De show is over
„De show is over”, aldus de broer van Pim Fortuyn zaterdag aan het eind van de plechtigheid in de dorpskerk van het Noord-Italiaanse Provesano. Deze bij een begrafenis weinig passende uitspraak vormde tegelijkertijd een treffende typering van de hele gang van zaken.Van de herbegrafenis van de vermoorde politicus was inderdaad een show gemaakt. Een show overigens met tegenvallende bezoekcijfers. Weliswaar volgden zo’n 900.000 kijkers via het tv-scherm het opgraven van de lijkkist. Maar het aantal belangstellenden, zowel hier in Nederland als in Italië, bleef beperkt .

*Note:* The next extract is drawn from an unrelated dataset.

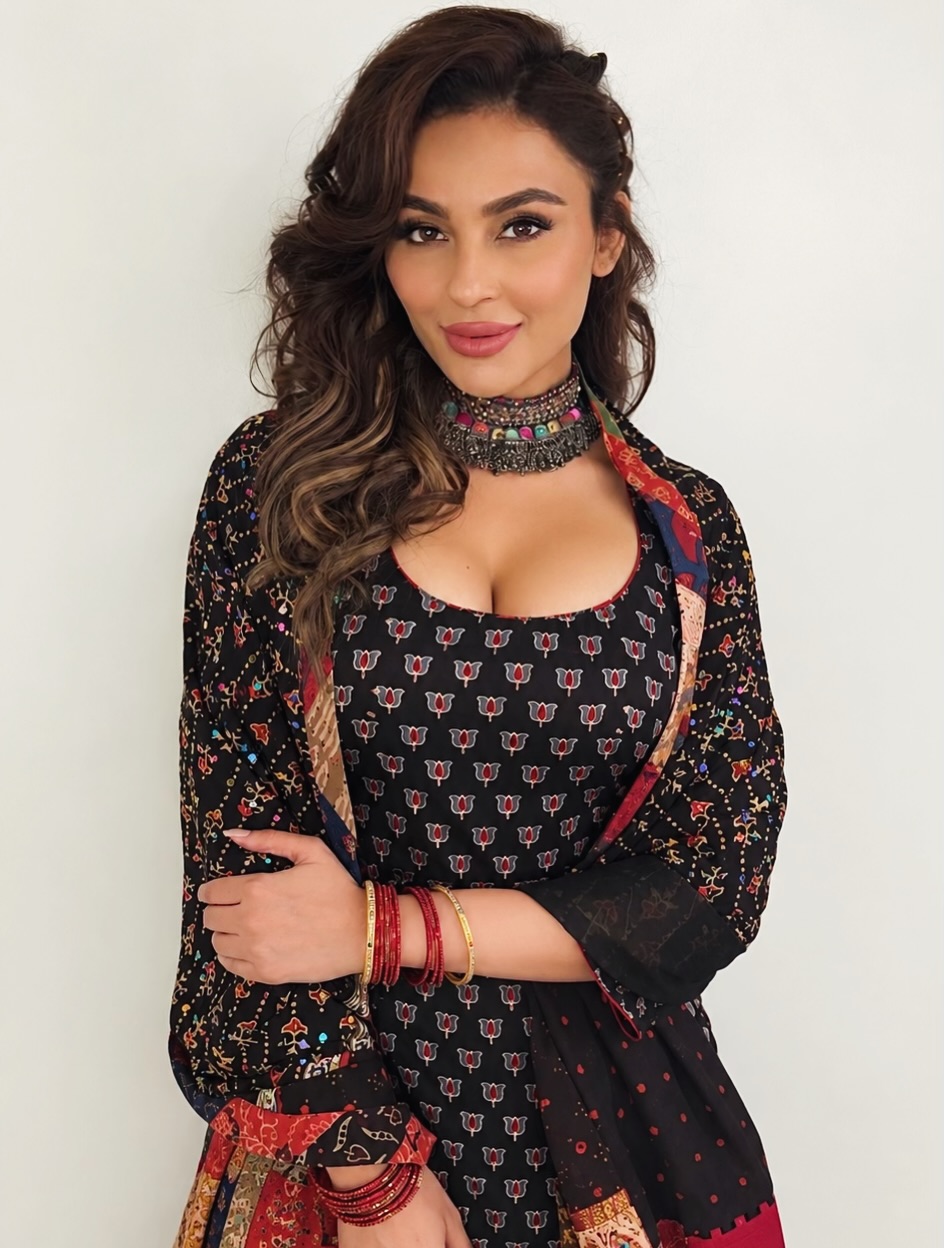 Saree Structure and Sequins Define Seerat Kapoor's Look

Hier en daar werden nog wat tranen geschreid door bewonderaars van de vermoorde Rotterdammer. „Ze hebben ons onze Pim ontnomen.” Maar de hysterische tonelen die zich kort na de moord en bij de begrafenis voordeden, herhaalden zich gelukkig niet. De Pim-gekte is duidelijk over haar hoogtepunt heen.
Niettemin was het opgraven van de kist voor het oog van de tv-camera’s al weerzinwekkend genoeg. En ook de kolossale graftombe in Italië waar Fortuyn werd bijgezet, gaf blijk van zijn grootheidswaan. Hopelijk wordt er nu snel een punt achter deze geschiedenis gezet.

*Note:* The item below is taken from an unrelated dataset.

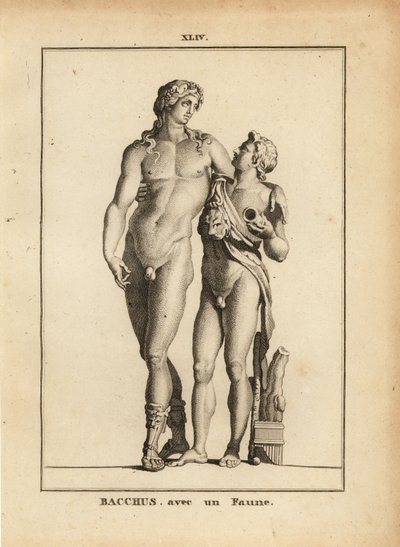 Statue av Bacchus, den romerske vinguden, og en ung faun av Unbekannt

Fortuyn heeft laten zien hoe het mogelijk is om in korte tijd in een modern en welvarend land de maatschappelijke onvrede aan te wakkeren en anderhalf miljoen kiezers te mobiliseren. De binding aan een van de bestaande partijen stelt bij de meeste mensen niet veel meer voor. Dat maakt hen vatbaar voor demagogische politici, of ze nu van links of van rechts komen.
Het aanwakkeren en het mobiliseren van onvrede is één ding, maar het is een veel moeilijker opgave die onvrede vervolgens om te zetten in een duurzame politieke beweging die haar beloften waarmaakt en niet op een grote teleurstelling uitloopt. Zeker voor een beweging die haar grote leider kwijt is, is dat een onmogelijke taak.
In de opiniepeilingen staat de LPF inmiddels op een fors verlies. De ruzies in de partij duren voort. Wie is de ware vertolker van het gedachtegoed van Fortuyn? Voor de kabinetsformatie was men genoodzaakt ministerskandidaten weg te halen bij andere partijen.
De partij is een bundeling van ontevredenen. Die onvrede en de afkeer van de politieke zakkenvullers, die kenmerkend is voor de achterban van de LPF, kunnen zich in de toekomst gemakkelijk richten tegen de eigen mensen: ministers zowel als kamerleden.
Volgend voorjaar zijn er statenverkiezingen. Tot dusver bestaat de LPF alleen maar in de Tweede Kamer en in de Rotterdamse gemeenteraad. Wil de partij ook in de Eerste Kamer als toonaangevende regeringspartij kunnen functioneren, dan moet zij bij die verkiezingen redelijk succesvol zijn.
Dat is voor de LPF een hele opgave. Alleen al organisatorisch. Waar haalt men de kandidaten vandaan en het geld voor de verkiezingscampagne?
Als volgend jaar blijkt dat de LPF-kiezers het massaal laten afweten door thuis te blijven of op een andere partij te stemmen, dan komt de LPF-fractie in de Tweede Kamer in de lucht te hangen. En dat heeft uiteraard consequenties voor de toekomst van het kabinet-Balkenende.